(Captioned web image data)
####################

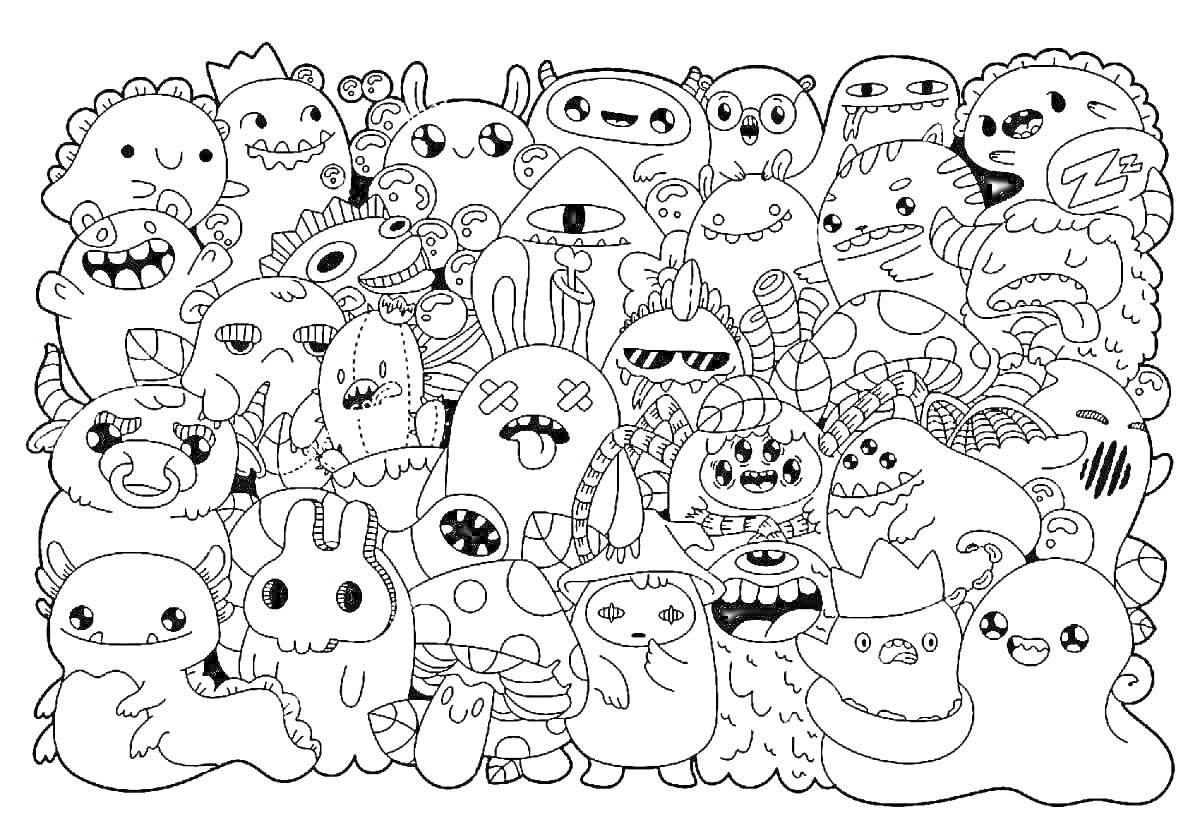 Раскраска Радужные друзья монстры, группа милых и смешных монстров разного вида, с разными выражениями лиц, в разных позах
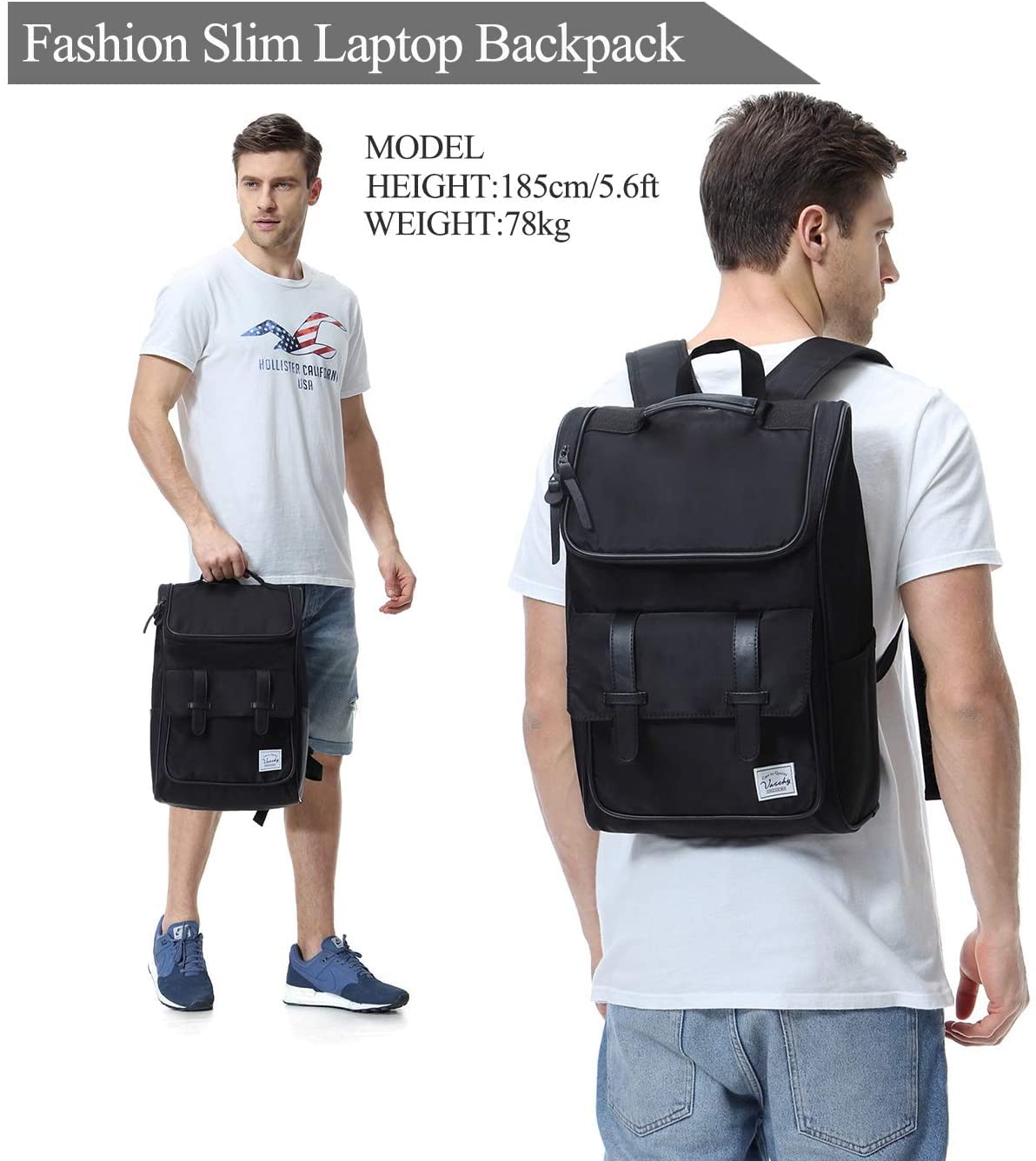 VASCHY Vintage Waterproof Backpack for Men - 15.6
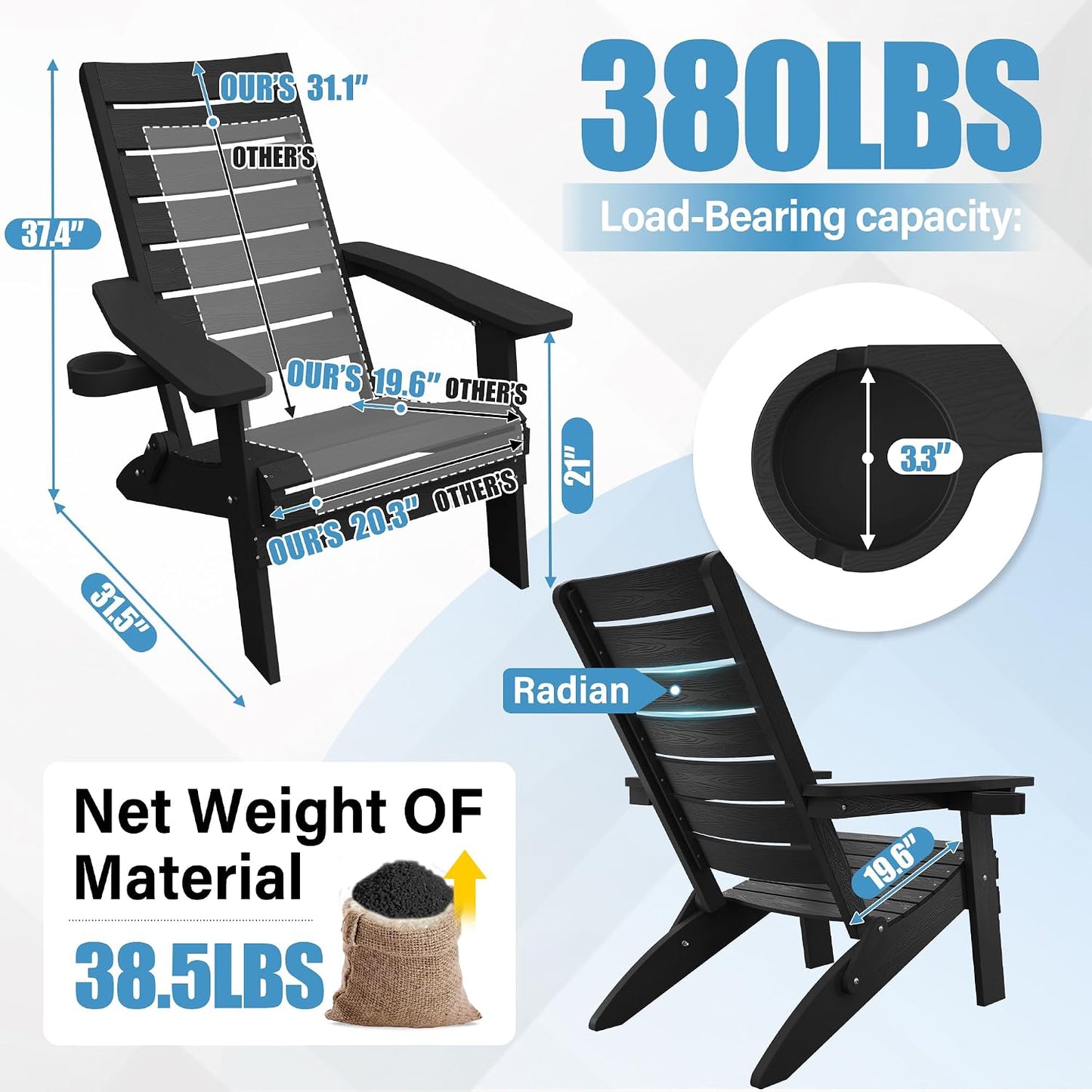 Sillas Adirondack plegables plástico resistente para
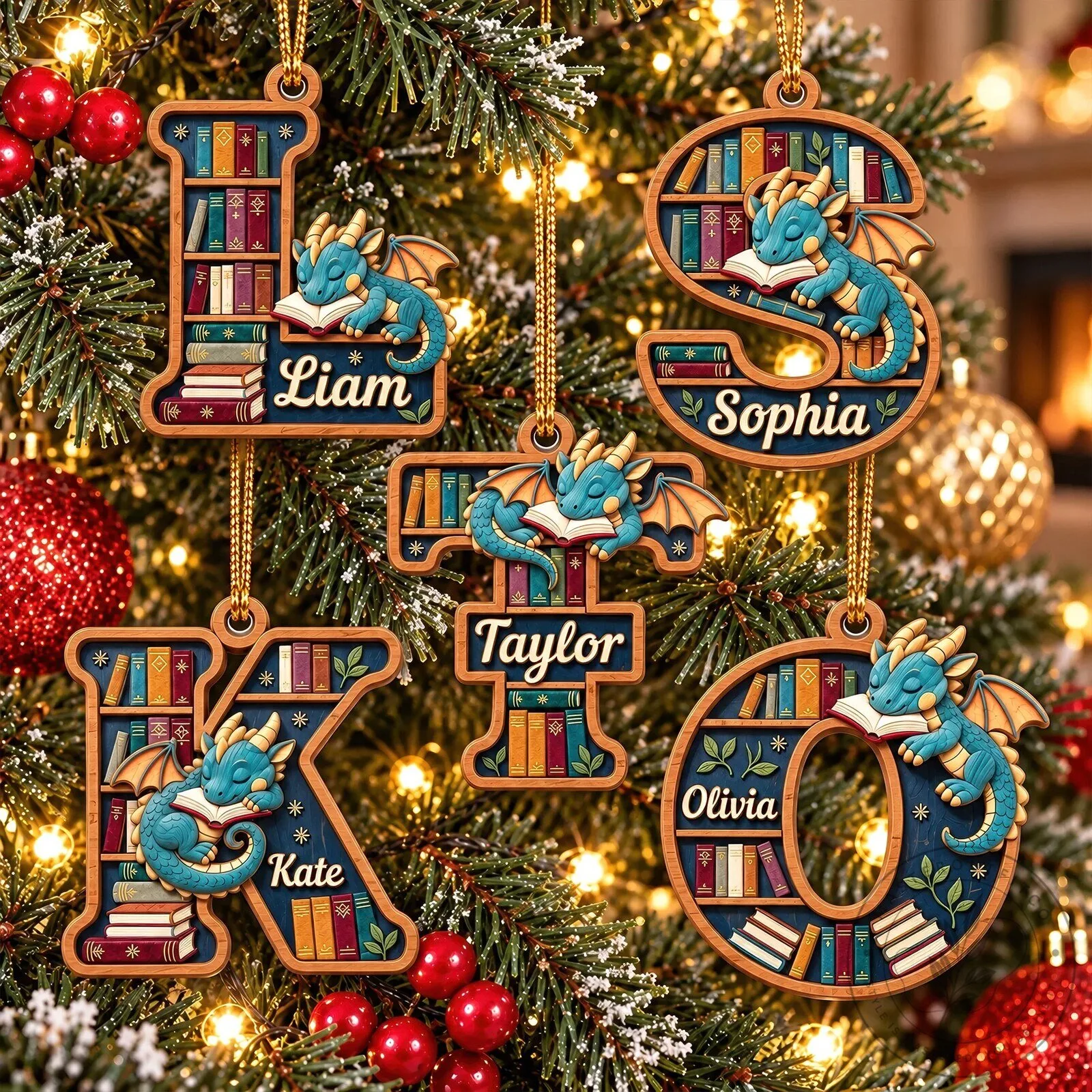 Personalized Dragon Alphabet Bookcase Christmas Ornament, Custom Initial Letter Decor 10 Personalized Dragon Alphabet Bookcase Christmas Ornament, Custom Initial Letter Decor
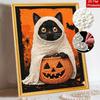 Halloween Black Cat Pumpkin Pearl Painting Art Full Pearl Handmade Diy Home Decorations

####################

Activity: Could you repeat exactly the lines from the one containing "VASCHY Vintage Waterproof" through the last line of the records, both included, without the pictures?

Result of this exercise:
 VASCHY Vintage Waterproof Backpack for Men - 15.6
 Sillas Adirondack plegables plástico resistente para
 Personalized Dragon Alphabet Bookcase Christmas Ornament, Custom Initial Letter Decor 10 Personalized Dragon Alphabet Bookcase Christmas Ornament, Custom Initial Letter Decor
 Halloween Black Cat Pumpkin Pearl Painting Art Full Pearl Handmade Diy Home Decorations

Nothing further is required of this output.